• _ACTIVITY_:
Return all the lines below exactly. Any picture among them is omitted.

• _SUPPLIED DATA_:
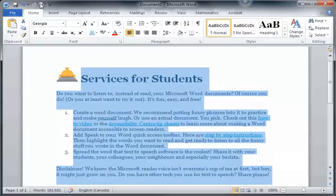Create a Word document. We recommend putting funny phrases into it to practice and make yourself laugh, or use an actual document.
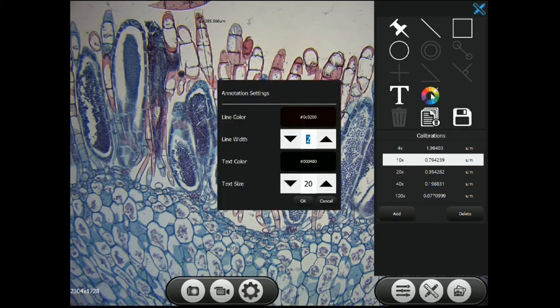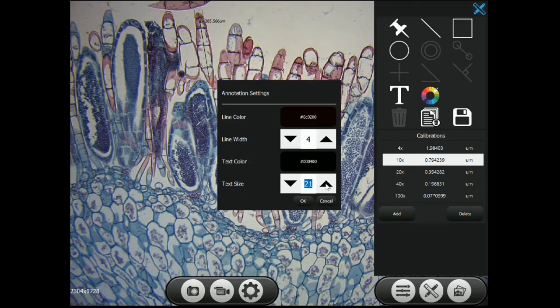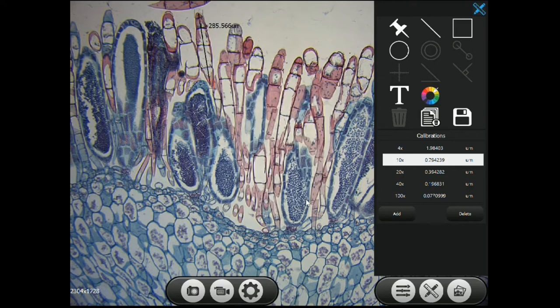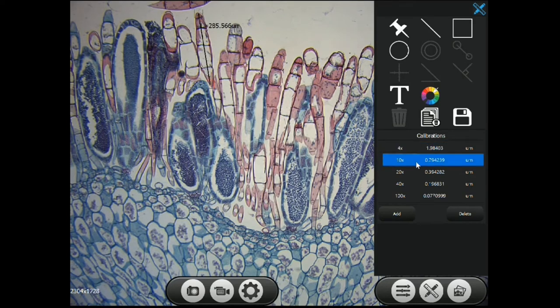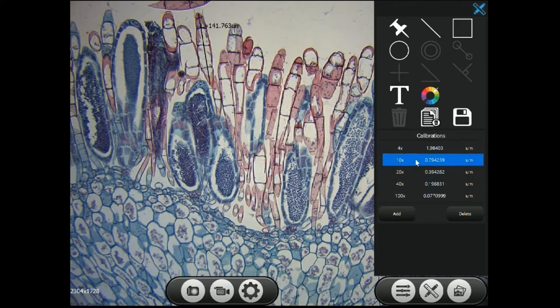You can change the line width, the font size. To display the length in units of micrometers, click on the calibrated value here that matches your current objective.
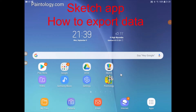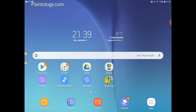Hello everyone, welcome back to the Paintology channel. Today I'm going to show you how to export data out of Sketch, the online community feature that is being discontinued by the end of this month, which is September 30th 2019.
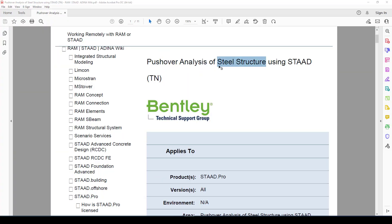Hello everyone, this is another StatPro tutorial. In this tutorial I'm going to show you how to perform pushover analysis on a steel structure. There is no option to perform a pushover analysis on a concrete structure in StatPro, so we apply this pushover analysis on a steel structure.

• _YOUR SOLUTION_:
Create a Word document. We recommend putting funny phrases into it to practice and make yourself laugh, or use an actual document.
You can change the line width, the font size. To display the length in units of micrometers, click on the calibrated value here that matches your current objective.
Hello everyone, welcome back to the Paintology channel. Today I'm going to show you how to export data out of Sketch, the online community feature that is being discontinued by the end of this month, which is September 30th 2019.
Hello everyone, this is another StatPro tutorial. In this tutorial I'm going to show you how to perform pushover analysis on a steel structure. There is no option to perform a pushover analysis on a concrete structure in StatPro, so we apply this pushover analysis on a steel structure.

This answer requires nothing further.